KABYLIE (TAMURT) – Les services de sécurité algériens ont procédé, en début de semaine, à l’arrestation du neveu du général M’henni Djebbar.
Sofiane, âgé d’une vingtaine d’années, a été placé sous mandat de dépôt par un juge d’instruction. Selon des sources concordantes, il lui est reproché d’avoir partagé une vidéo jugée sensible sur les réseaux sociaux, en lien avec la question de l’indépendance de la Kabylie.
La vidéo en question est liée au rappeur Lotfi Double Kanon, connu pour ses prises de position engagées. Les autorités soupçonneraient le jeune homme d’affinités avec la mouvance indépendantiste, ce qui pourrait entraîner des poursuites lourdes.
D’après les mêmes sources, l’affaire pourrait être requalifiée en dossier criminel, ce qui exposerait le mis en cause à des peines importantes. Aucune confirmation officielle n’a toutefois été communiquée à ce sujet.

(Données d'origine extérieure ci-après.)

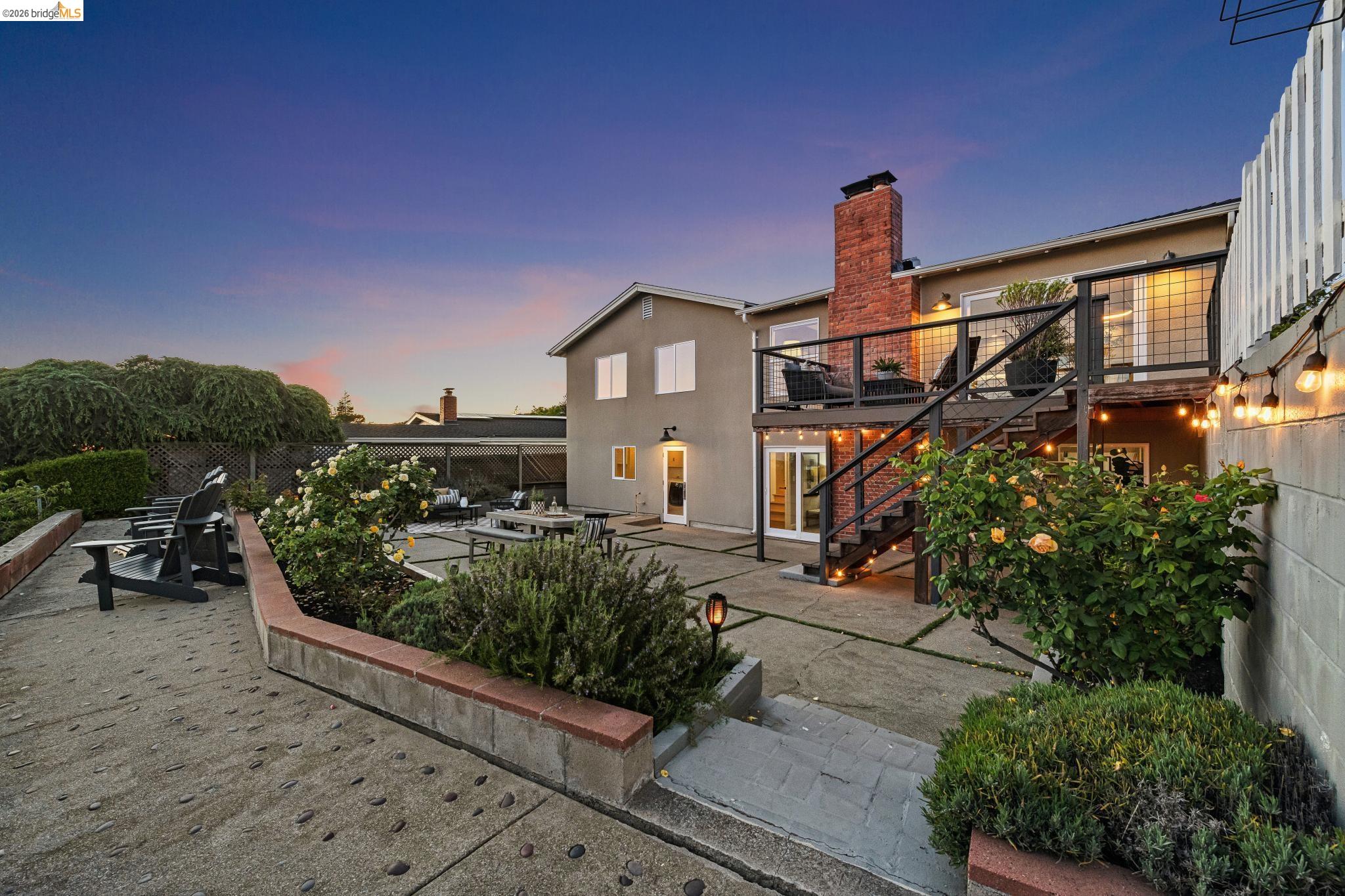 Detail Gallery Image 47 of 60 For 341 Rishell Dr, Oakland,  CA 94619 - 3 Beds | 2/1 Baths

Les proches du jeune homme, tout comme ses avocats, n’ont pas souhaité s’exprimer publiquement. Le dossier reste entouré d’un certain silence, et peu d’informations ont filtré jusqu’à présent.
À ce stade, il n’est pas établi si le partage de cette vidéo relevait d’un engagement politique ou d’un acte isolé sans intention particulière. Quoi qu’il en soit, écouter de la musique n’a jamais été un acte terroriste… sauf pour le régime algérien.
Lyes B.



Magnifique démonstration de la stabilité du régime: inflation, chômage, fuite des cerveaux, hôpitaux en crise, heragas… mais l’urgence nationale reste un jeune qui partage une vidéo. On comprend enfin la stratégie sécuritaire du siècle: traquer les playlists avant de régler les vrais problèmes.
Le plus comique, c’est la possible requalification criminelle. Donc en 2026, ailleurs on poursuit la cybercriminalité, la corruption ou les réseaux mafieux et en Algérie on peut finir avec un dossier lourd pour un clic sur partager. Silicon Valley invente l’IA, Alger perfectionne la police du bouton « partage ».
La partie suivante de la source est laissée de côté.